── Records for this exercise ──

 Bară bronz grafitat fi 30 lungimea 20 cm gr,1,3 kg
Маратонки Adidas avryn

───
── Records for this exercise ──

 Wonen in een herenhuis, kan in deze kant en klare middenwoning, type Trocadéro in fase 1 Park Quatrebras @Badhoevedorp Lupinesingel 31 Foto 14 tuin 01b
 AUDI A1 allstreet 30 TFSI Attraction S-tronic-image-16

───
── Records for this exercise ──

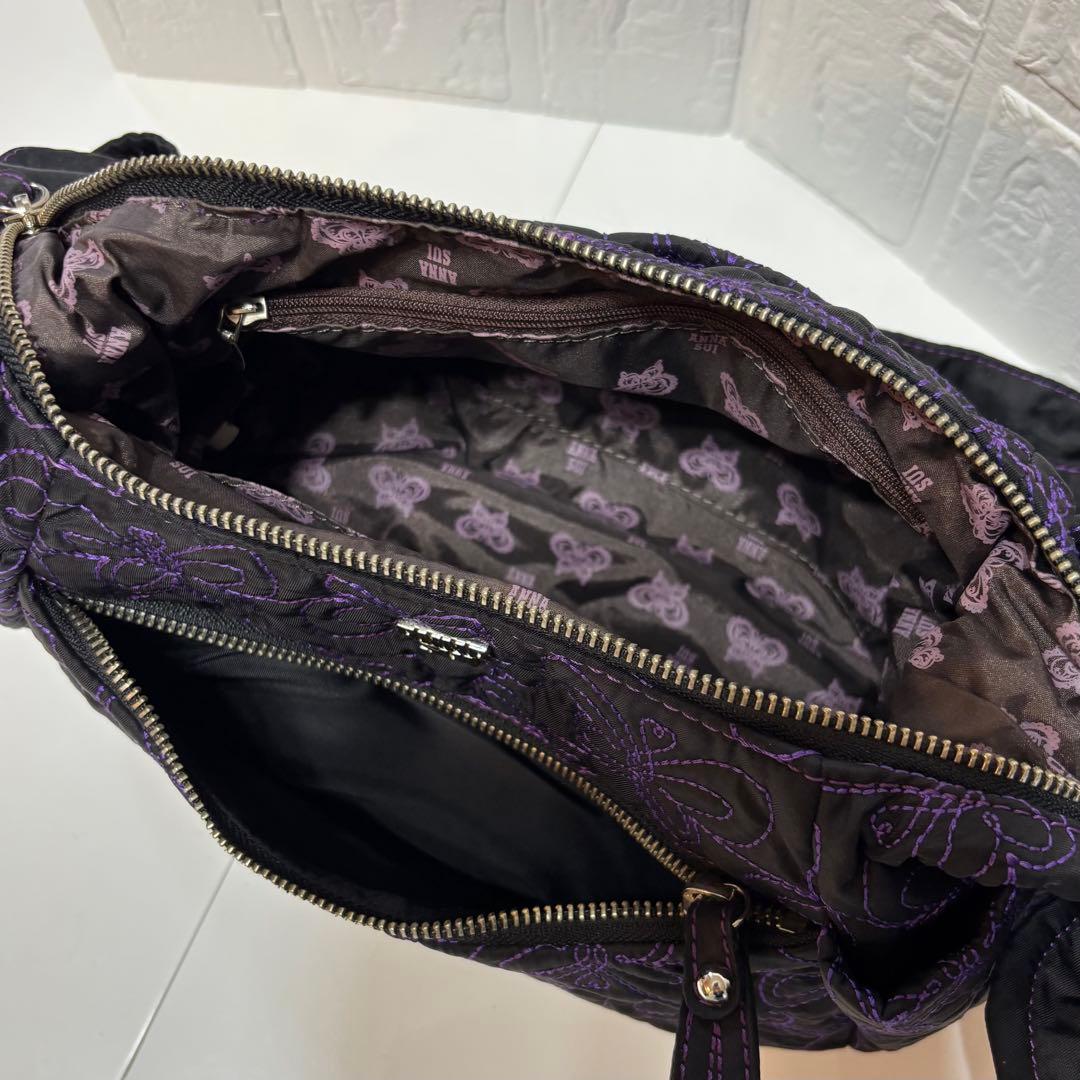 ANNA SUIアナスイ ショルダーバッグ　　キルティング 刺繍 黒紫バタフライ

───

Exercise details
Go through the material above and output exactly the lines from the one containing "Wonen in een" through the one containing "AUDI A1 allstreet".

Exercise response
 Wonen in een herenhuis, kan in deze kant en klare middenwoning, type Trocadéro in fase 1 Park Quatrebras @Badhoevedorp Lupinesingel 31 Foto 14 tuin 01b
 AUDI A1 allstreet 30 TFSI Attraction S-tronic-image-16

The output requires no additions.